The drivers of heavy vehicles are professionals and are adept at piloting their huge transporters in heavy traffic and through tight intersections. They are also hyper-aware of their length and blind spots. 

However, for all their driving prowess, they simply cannot see what their mirrors don’t show them.


The major blind spots for a large vehicle are directly behind and to the side.

  • the right-hand blind spot is dangerous when overtaking: the rider must be aware that they might not be seen if the large vehicle pulls out to the right. 
  • don’t move into a space in front of a truck—even if it’s a bike box—because the blind spot under the windscreen often stretches more than two metres ahead, which is enough to hide you.
  • the left-hand blind spot is the greatest risk to the bike riders. When a large vehicle begins to turn, the ample alley down the inside closes up where the trailing wheels of a longer vehicle cut in tight to the curb.
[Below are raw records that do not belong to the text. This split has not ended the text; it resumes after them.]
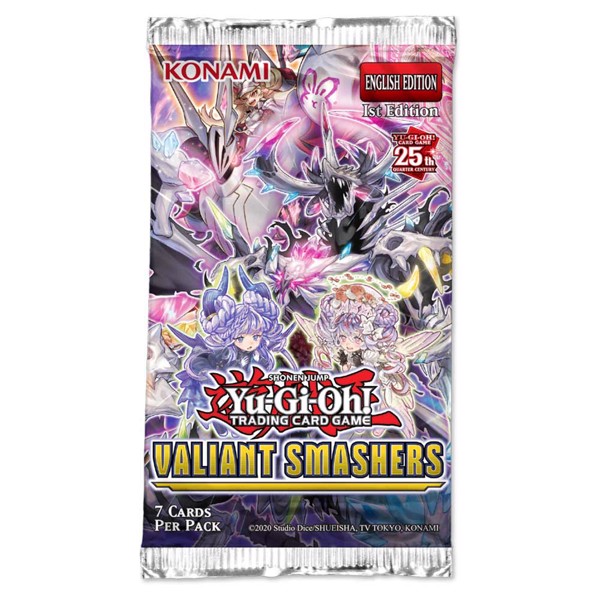 Yu-Gi-Oh: Valiant Smashers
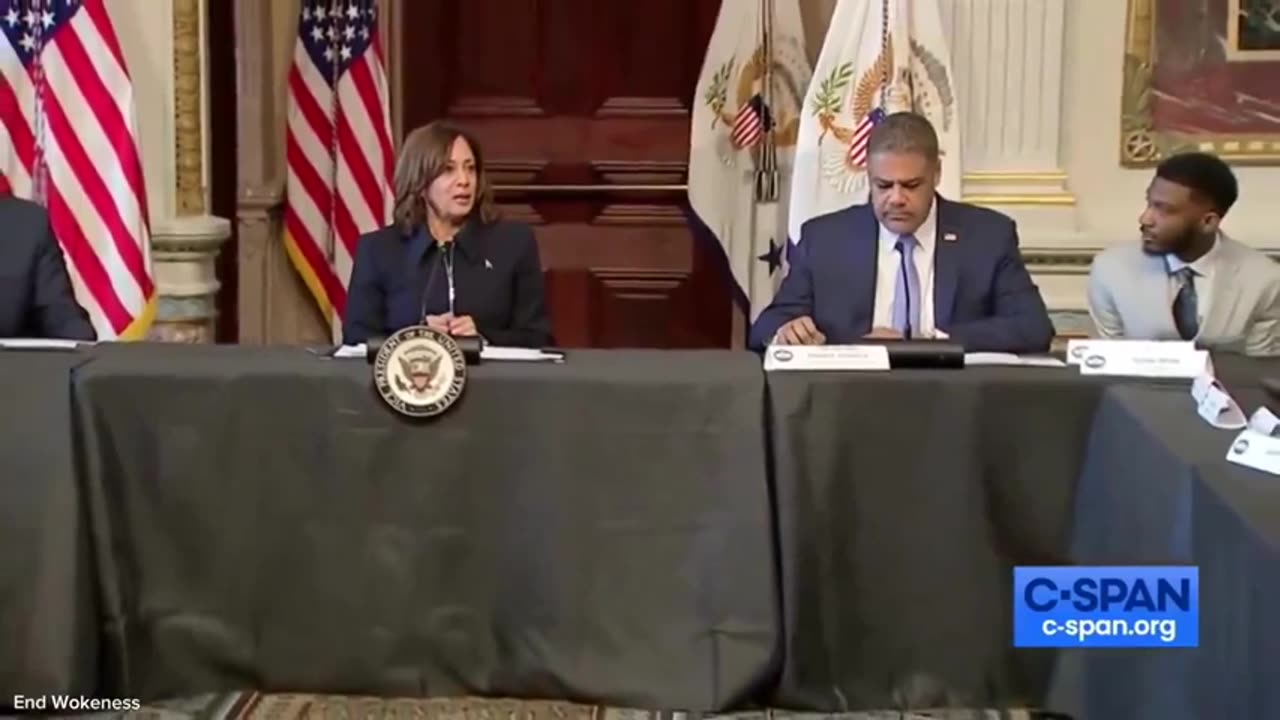 Kamala Goes Full Commie In Alarming New Montage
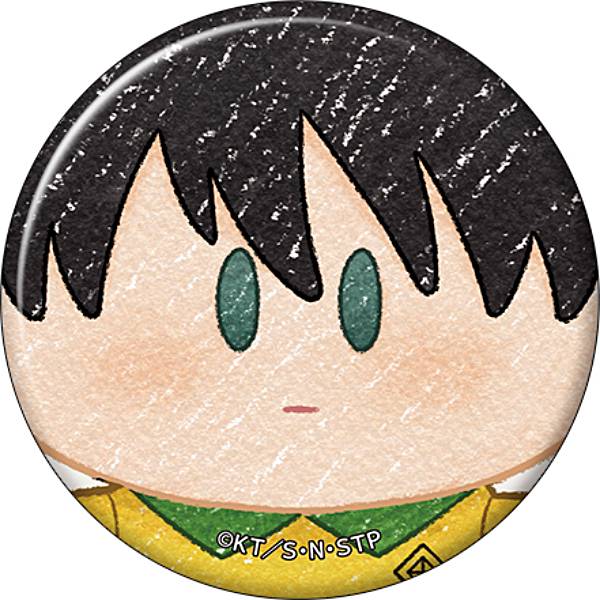 【財前光】新テニスの王子様 キャラバッジコレクション よりぬいVer. B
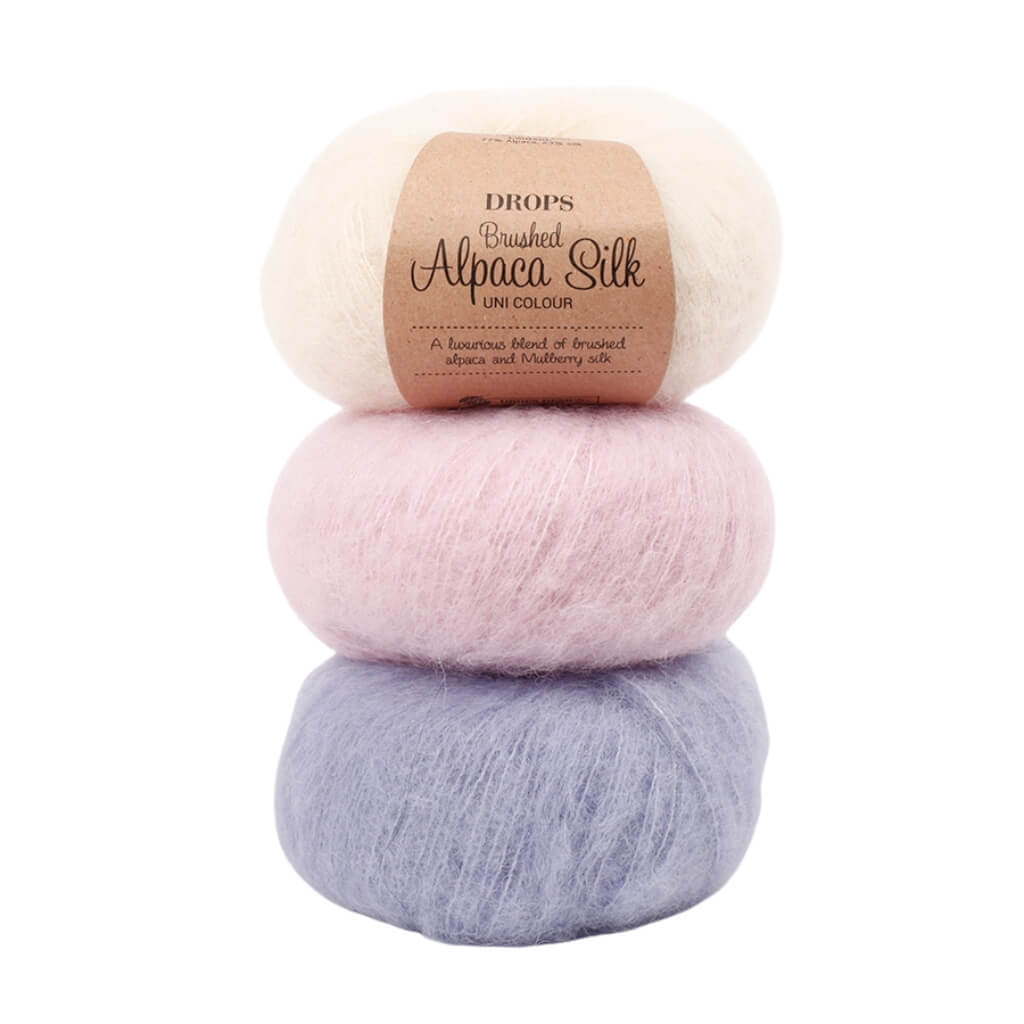 Drops Drops Brushed Alpaca Silk bei bei bei bei bei bei bei bei bei bei bei bei bei bei bei bei Lieblingsgarn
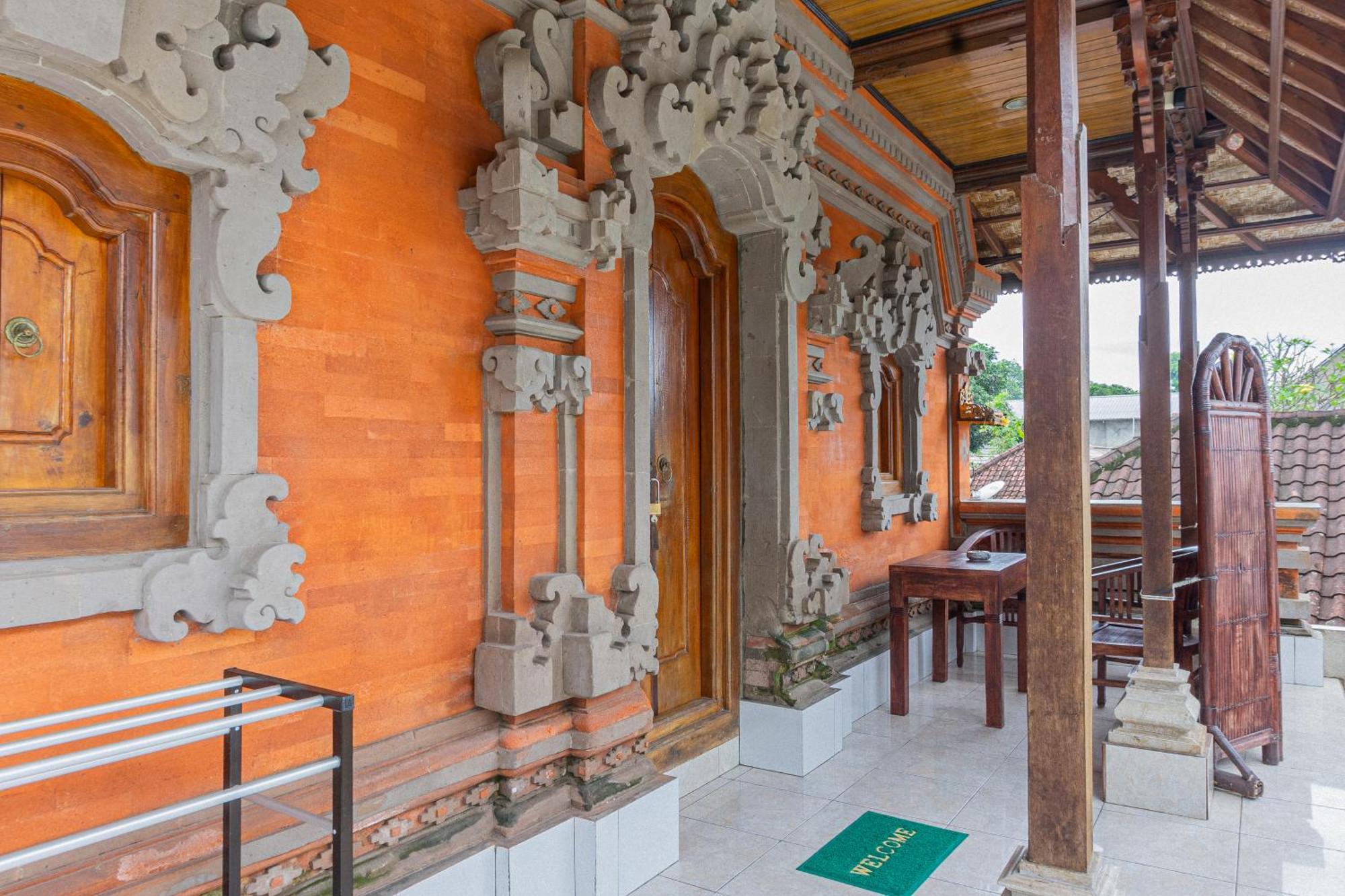 Artha Dewata Home Stay Ubud Exterior foto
Side mirrors also become less effective.

With blind spots as large as they are, it’s important that bike riders assume they haven’t been seen—even if they are technically in the right—and stay well back to allow the large vehicle to make its turn.

Many freight and construction companies have recognised the risks of sharing the road with bikes and are making improvements to their fleets’ large-vehicle mirrors, vision aids and side under-run protection rails. 

However, people who ride bikes need to be aware of the extent of the blind spots of these vehicles and ride defensively.

Truck turning and sharing the road with a bike rider

Tips for sharing the road

  • Assume that drivers haven’t seen you.
  • Do not pull up on the left side of a large vehicle.
  • If the truck comes alongside you, resist the urge to shrink into the gutter because that actually makes you less visible.
  • Do not overtake a turning large vehicle.
  • If a large vehicle turns in front of you, take evasive action by escaping onto the footpath.

  • Turn your head to check blind spots before turning and merging.
  • Move your head to see around window frames when scanning on approach to an intersection.
  • Make turns slowly, being ready to stop if necessary, while making multiple, careful checks of the side mirrors.